Im Jahr 1953 gegründet, hat sie sich von den 1990er Jahren an zunehmend von der Beschränkung auf Kurz- und Mittelwelle befreit und sich über den Satellitenbetrieb zum heutigen trimedialen Angebot aus Fernsehen, Radio und Internet gewandelt.

Was die selbstgesteckte Aufgabe anbelangt, üben deutsche Politiker, aber auch die Strategiebeauftragte Nadja Scholz deutlich weniger diplomatische Zurückhaltung, als es die Formulierungen des DWG möglicherweise erahnen ließen.

Hohes moralisches Sendungsbewusstsein – aber dünnhäutig gegenüber Kritik

Die Bundesregierung selbst hat bereits über die russische Einstufung der Deutschen Welle als ausländischer Agent „aufs Schärfste“ verurteilt und einen „offenen Angriff auf die Presse- und Meinungsfreiheit in Russland“ beklagt.
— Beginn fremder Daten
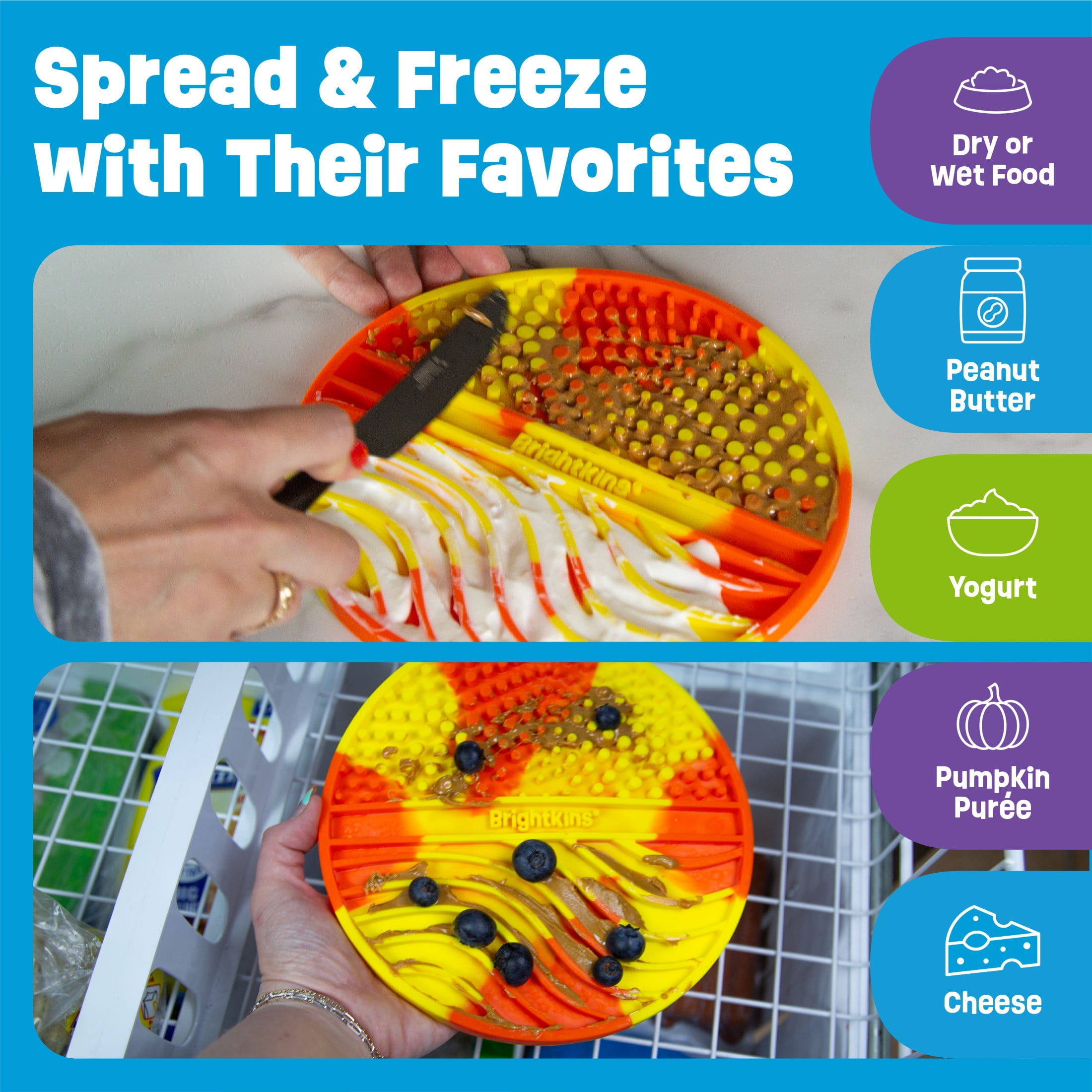 Brightkins Tie Dye Circle Lick Mat - Mental Stimulation for Dogs, Anxiety Relief for Dogs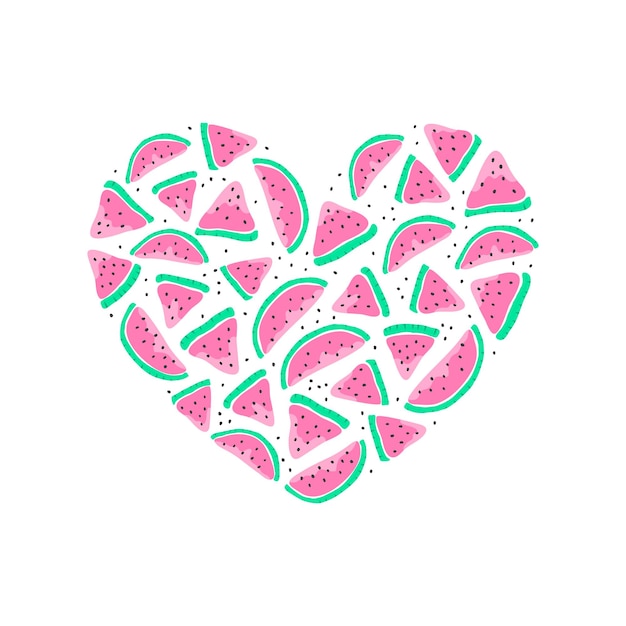 Plik wektorowy doodle plasterki arbuza i nasiona w sercu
Die DW selbst zitiert einen Regierungssprecher, der in der Einstufung einen „weiteren Versuch“ der russischen Regierung zu erblicken meint, „mit allen repressiven Mitteln eine unabhängige Berichterstattung über den grausamen russischen Angriffskrieg in der Ukraine zu verhindern“.

Die CDU-Bundestagsabgeordnete Gitta Connemann sieht es als Auftrag der DW, „Pressefreiheit in die Welt“ zu bringen, „damit Despoten die Freiheit genommen wird, alles zu tun“. Ihr SPD-Kollege Martin Rabanus sieht die DW „Fakten statt Fake-News“ verbreiten und damit wie manch anderer Redner auch als Gegenentwurf beispielsweise zum russischen Sender RT, den man zum Inbegriff eines „Propaganda“-Kanals erklärt.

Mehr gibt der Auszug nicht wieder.